Are You Running Hard Enough?

5 Minute Read

I want to make something very clear. Growth, whether it is in business or in life, happens when you are placing yourself in situations where you are uncomfortable.

Too often we have this misconception that people simply get lucky. That success simply comes down to the luck of the draw, the family you were born into, being in the right place at the right time, the university you went to, etc. That, in my humble opinion, is Grade A Bullshit.

Success in life and in business comes down to one factor, discomfort. How uncomfortable are you willing to be to get what it is you desire.  Anything good in this world, anything worth having, comes with a price. The price? Discomfort.

I personally have found that my greatest business and personal growth takes place right when I feel like I could throw-up.

When I was in high school, my basketball coach was a stickler for cardio. I am not kidding, there were times during preseason conditioning where I thought my coach was secretively an ex-military commander.

When I was a freshman he told every player trying out that if they wanted to make the team, they would have to break a six-minute mile. Here I am as a freshman in high school who had worked his ass off all summer on ball handling, shooting and footwork… and now my head coach was telling me I have to figure out a way to break a 6 minute mile? I thought I was trying out for basketball, not the cross-country team.

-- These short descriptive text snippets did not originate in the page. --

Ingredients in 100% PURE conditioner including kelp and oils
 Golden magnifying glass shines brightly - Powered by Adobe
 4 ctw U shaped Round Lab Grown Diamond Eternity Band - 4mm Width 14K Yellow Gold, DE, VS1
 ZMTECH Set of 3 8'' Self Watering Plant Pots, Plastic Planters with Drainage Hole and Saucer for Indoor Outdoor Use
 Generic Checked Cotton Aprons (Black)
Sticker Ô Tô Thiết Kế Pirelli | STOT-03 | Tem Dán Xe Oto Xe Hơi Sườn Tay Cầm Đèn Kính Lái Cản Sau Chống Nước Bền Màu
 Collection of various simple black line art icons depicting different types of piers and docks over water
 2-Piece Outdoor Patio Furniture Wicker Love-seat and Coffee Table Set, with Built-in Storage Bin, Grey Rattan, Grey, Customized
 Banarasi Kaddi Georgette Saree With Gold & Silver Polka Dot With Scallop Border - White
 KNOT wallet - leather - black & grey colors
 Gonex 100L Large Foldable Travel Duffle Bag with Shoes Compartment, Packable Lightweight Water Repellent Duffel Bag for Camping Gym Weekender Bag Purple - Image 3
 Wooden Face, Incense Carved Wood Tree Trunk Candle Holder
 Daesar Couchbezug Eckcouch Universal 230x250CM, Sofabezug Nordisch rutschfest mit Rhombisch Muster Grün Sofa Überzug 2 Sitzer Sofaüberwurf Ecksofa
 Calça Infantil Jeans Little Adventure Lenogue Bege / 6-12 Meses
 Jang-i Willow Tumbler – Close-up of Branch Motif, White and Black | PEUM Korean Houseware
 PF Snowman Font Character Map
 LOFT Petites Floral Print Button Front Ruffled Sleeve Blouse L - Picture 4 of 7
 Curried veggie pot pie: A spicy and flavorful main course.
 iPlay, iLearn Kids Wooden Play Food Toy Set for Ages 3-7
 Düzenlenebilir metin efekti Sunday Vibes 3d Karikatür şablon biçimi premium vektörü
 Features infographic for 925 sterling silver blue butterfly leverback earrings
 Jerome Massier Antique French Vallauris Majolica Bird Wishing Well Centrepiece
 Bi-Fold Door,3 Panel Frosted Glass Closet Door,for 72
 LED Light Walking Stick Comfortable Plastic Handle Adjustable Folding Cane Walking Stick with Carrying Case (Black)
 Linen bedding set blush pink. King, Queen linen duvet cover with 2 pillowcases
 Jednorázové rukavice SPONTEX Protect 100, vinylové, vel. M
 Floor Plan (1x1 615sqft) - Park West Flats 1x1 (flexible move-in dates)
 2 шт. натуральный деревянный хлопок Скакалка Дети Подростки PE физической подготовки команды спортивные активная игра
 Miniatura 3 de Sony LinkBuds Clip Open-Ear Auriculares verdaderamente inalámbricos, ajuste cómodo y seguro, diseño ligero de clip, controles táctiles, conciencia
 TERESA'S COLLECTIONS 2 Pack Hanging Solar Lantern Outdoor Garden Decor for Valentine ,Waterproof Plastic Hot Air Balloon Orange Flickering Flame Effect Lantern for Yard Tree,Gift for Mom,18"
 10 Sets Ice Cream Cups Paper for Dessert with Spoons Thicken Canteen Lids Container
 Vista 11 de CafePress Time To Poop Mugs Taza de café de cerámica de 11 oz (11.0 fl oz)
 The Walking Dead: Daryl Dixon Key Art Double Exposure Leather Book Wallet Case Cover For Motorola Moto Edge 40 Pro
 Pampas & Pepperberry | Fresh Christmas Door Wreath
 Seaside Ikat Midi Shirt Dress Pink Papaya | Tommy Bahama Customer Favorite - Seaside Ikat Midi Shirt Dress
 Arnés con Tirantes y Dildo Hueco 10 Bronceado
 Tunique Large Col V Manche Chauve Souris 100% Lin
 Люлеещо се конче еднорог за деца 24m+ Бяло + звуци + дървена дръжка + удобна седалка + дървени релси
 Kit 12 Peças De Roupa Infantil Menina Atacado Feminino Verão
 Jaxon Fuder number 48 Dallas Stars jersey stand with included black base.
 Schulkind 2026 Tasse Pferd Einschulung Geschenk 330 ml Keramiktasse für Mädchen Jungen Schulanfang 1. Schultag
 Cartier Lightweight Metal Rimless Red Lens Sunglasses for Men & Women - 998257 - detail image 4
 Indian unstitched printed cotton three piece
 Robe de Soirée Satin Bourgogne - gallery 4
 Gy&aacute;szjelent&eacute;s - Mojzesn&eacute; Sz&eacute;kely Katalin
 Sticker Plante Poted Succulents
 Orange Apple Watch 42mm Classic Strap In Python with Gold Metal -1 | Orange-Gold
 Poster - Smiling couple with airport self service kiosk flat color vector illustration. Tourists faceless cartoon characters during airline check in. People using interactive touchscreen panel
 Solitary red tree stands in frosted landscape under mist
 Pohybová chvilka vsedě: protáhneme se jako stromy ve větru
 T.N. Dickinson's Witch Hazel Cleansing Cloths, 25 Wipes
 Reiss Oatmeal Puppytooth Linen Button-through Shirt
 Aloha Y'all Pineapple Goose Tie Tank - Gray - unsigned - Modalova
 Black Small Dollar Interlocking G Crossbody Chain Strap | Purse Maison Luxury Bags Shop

We walk out to the track after the first day of “open gym”, he pulls out his stopwatch and we are off to the races. I cross the finish line, winded… ‘7:30’.

I was pissed off and disheartened. I was thinking to myself, how the hell am I going to run a minute and thirty seconds faster over the course of two weeks?

I remember my dad picked me up after practice and he could see how upset I was that I didn’t make the time (I have been blessed with a father that has always been there to pick me up at my lowest points. That, I will admit, I did get lucky on).

We went straight to Walmart that night to pick up a stopwatch. We then marked off exactly one mile around the neighborhood.

The next morning I was up at 5:30 a.m., stopwatch in hand. I took off around the neighborhood, crossed the mile mark slightly winded… ‘7:40’.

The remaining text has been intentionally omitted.